Available data:
:::
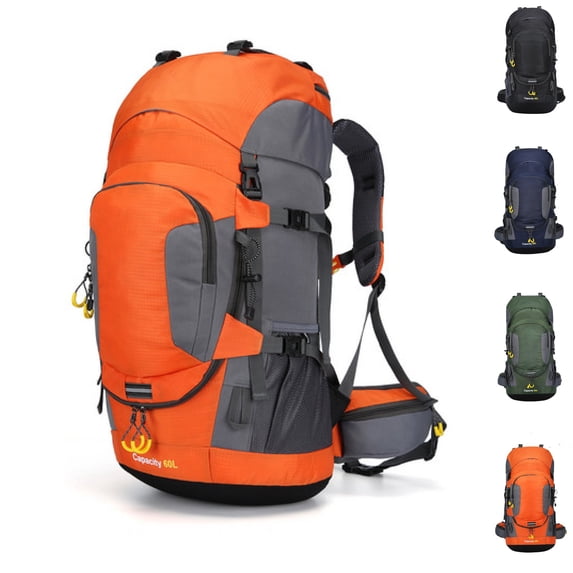 Eurhowing 60L Travel Hiking Backpack with Rain Cover, Water Resistant Camping Backpack, Outdoor Large Backpack for Men Women, Orange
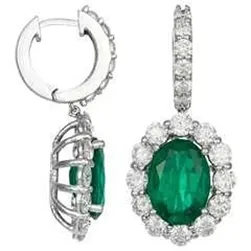 Oval Green Emerald 1050 Carats Dangle Earring White Gold 14K GB Earrings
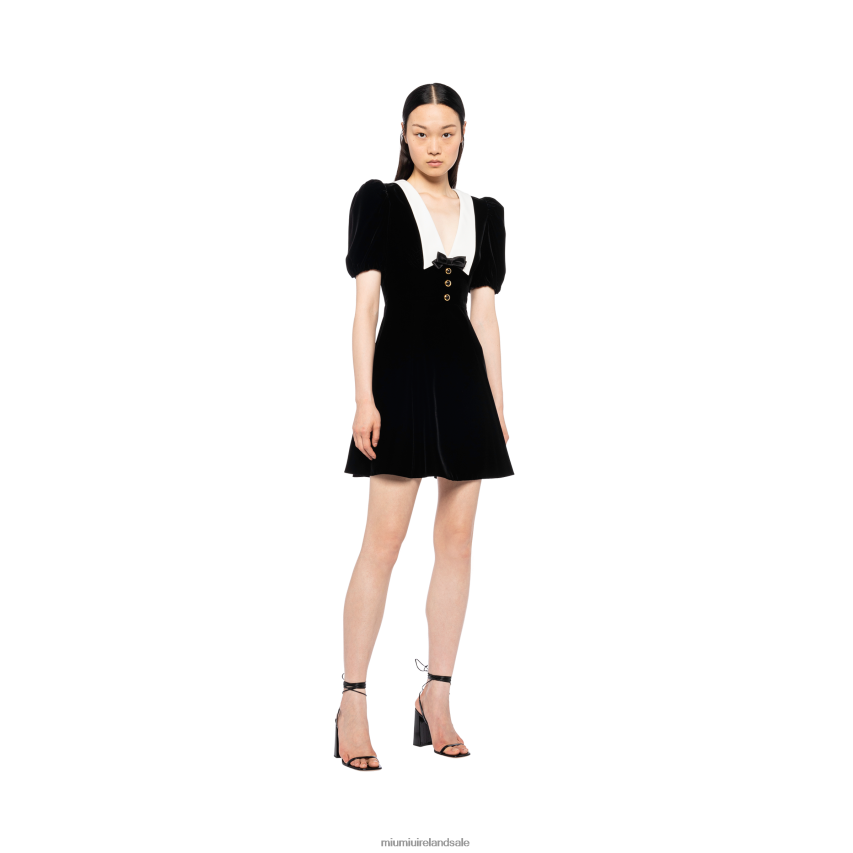 IE Miu MiuReady To Wear Velvet Mini Dress Black/White XJN62J408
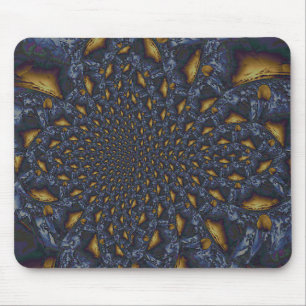 Tapis De Souris Métal Moulé or et argent bleu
:::
Task requirements: Every line of the listing is to be repeated exactly, and the pictures are to be dropped.

Answer to the exercise:
 Eurhowing 60L Travel Hiking Backpack with Rain Cover, Water Resistant Camping Backpack, Outdoor Large Backpack for Men Women, Orange
 Oval Green Emerald 1050 Carats Dangle Earring White Gold 14K GB Earrings
 IE Miu MiuReady To Wear Velvet Mini Dress Black/White XJN62J408
 Tapis De Souris Métal Moulé or et argent bleu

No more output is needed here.